Troisièmement, il faut créer un ordre des professionnels de l’enfance. La réalité des travailleurs sociaux est variée et complexe. Des gens extraordinaires côtoient des personnes mal formées, voire pas formées, inaptes et parfois maltraitantes. Les méthodes de recrutement doivent être plus strictes, en particulier sur le contrôle des casiers judiciaires et les évaluations psychiatriques. Il faut hausser le niveau de formation des professionnels et augmenter les contrôles sur leurs lieux de travail, tout au long de leur carrière.
La loi de 2016 insuffisamment appliquée
Quatrièmement, il faut cesser d’abandonner dans la nature les enfants placés devenus adultes. A 18 ans révolus, ils sont souvent jetés à la rue. Sans orientation, sans formation, sans métier, et même sans toit, puisque 40 % d’entre eux deviennent sans domicile fixe. Le dispositif « contrat jeune majeur » qui permettait de maintenir un suivi par des professionnels et de financer un début d’installation des jeunes adultes jusqu’à leurs 21 ans est en voie d’amenuisement.

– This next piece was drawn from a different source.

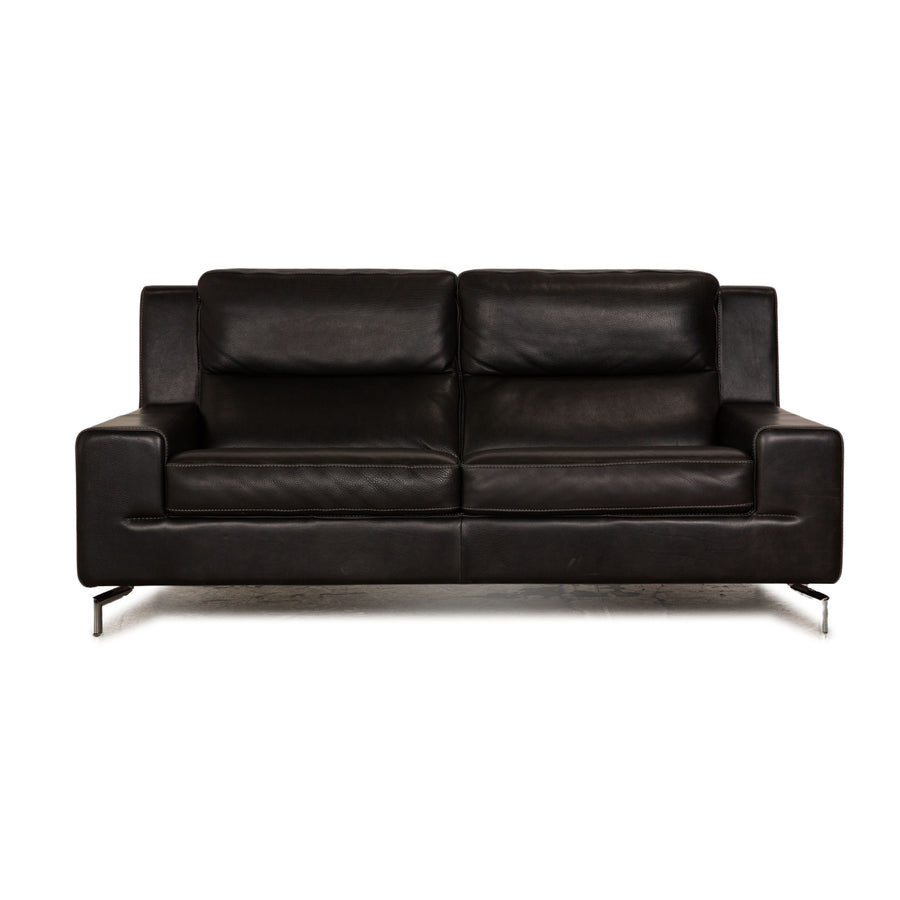 Incanto Leder Zweisitzer Schwarz Sofa Couch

Cette mesure essentielle doit être réinstaurée et systématisée si l’on ne veut pas que des années d’investissement de l’Etat dans la protection de ces mineurs viennent finalement nourrir la misère, la drogue et la prostitution. Rappelons à ce propos que 30 % des mineurs délinquants sont d’anciens enfants placés.
Enfin, il faut préparer l’avenir et pallier la pénurie de familles d’accueil. Celles-ci vieillissent et ne se renouvellent pas à un rythme suffisant. Où iront demain les enfants, en particulier les plus jeunes, qui seront en danger dans leur famille ? Ce chantier-là ne pourra pas être traité précipitamment. Il exige de rompre avec la vision passéiste selon laquelle le parent accueillant ne peut cumuler cette fonction avec un autre emploi. On ne rappellera jamais assez à quel point une famille d’accueil bienveillante répare un enfant et lui prépare un avenir.

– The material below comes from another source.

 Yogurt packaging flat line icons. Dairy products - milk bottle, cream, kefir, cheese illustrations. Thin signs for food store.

La déresponsabilisation administrative et le fatalisme ont mis de côté l’intérêt de l’enfant. Améliorer la situation des enfants placés est possible : ces mesures sont tangibles, tout comme celles de la loi relative à la protection de l’enfance de 2016, portée par Laurence Rossignol, qui est aujourd’hui très insuffisamment appliquée. C’est l’honneur de la France de ne pas abandonner 300 000 enfants à leur sort et à la triste idée qu’elle se fait de son avenir.